In the ancient world, serving dishes were common items in households and banquets. Such objects could be used to carry food, present offerings, or serve guests, making them natural illustrations in teaching and storytelling.
First-century Jewish life included routine tableware and careful concern for ceremonial cleanliness. Jesus’ use of a dish or platter in his rebuke draws on that familiar setting to expose the deeper issue of heart purity rather than mere external observance.
The relevant Gospel passages use Greek terms for a serving dish or platter. English translations may render the object as “platter,” “dish,” or a similar household vessel.
The platter itself is not the theological point; rather, Jesus uses it as a vivid everyday image to confront hypocrisy and the limits of external religion without inward cleansing.
As a material object, the platter functions rhetorically by analogy. A familiar external vessel becomes a concrete picture of the human tendency to focus on what can be seen while ignoring the inner reality that God judges.

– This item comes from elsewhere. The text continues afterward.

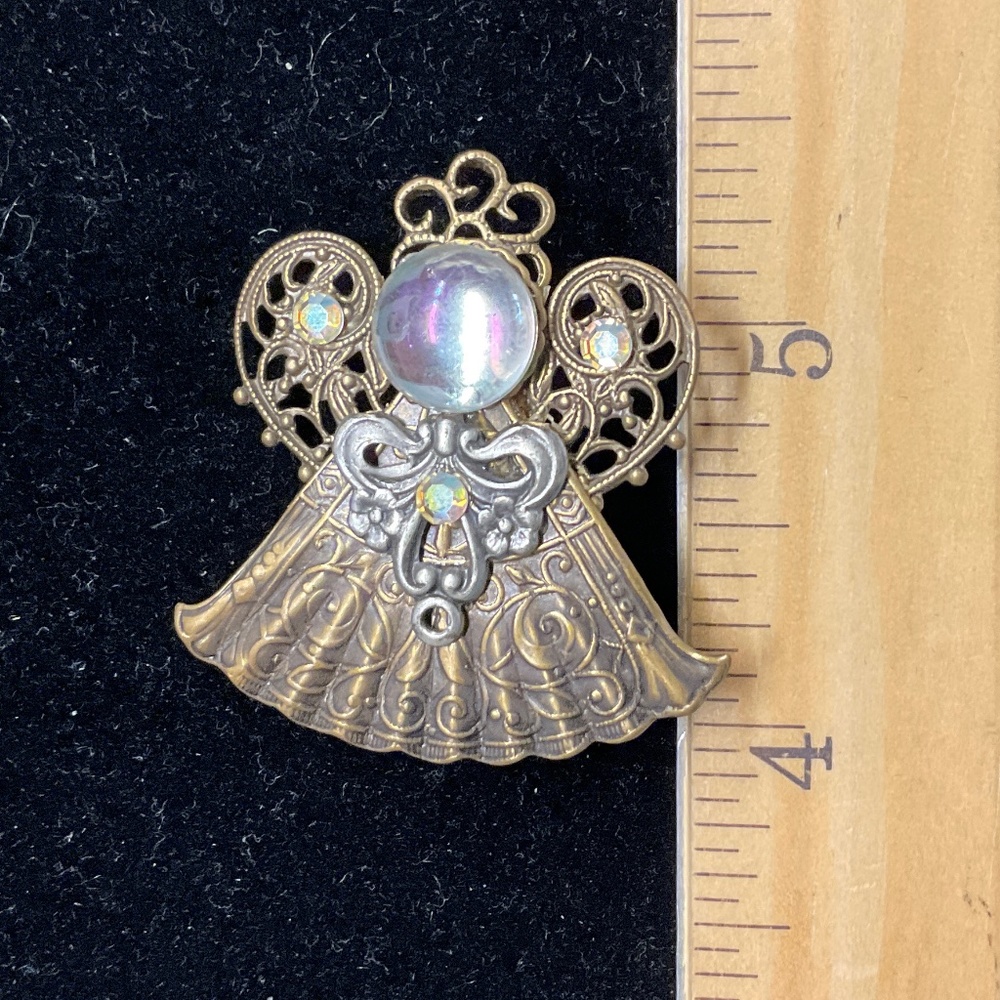Angel Pin Handmade - Picture 5 of 6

Do not over-symbolize the platter or treat it as a fixed biblical motif. Its meaning is passage-specific and depends on the teaching context in which it appears.
Most interpreters treat the platter as a plain household object with occasional illustrative force. The Bible does not develop it into a stand-alone symbol.
This entry should not be used to build doctrine beyond the immediate teaching context. The emphasis in the Gospel passages is moral and spiritual, not ceremonial detail for its own sake.
The image warns against concentrating on outward religious polish while neglecting inward repentance, integrity, and purity before God.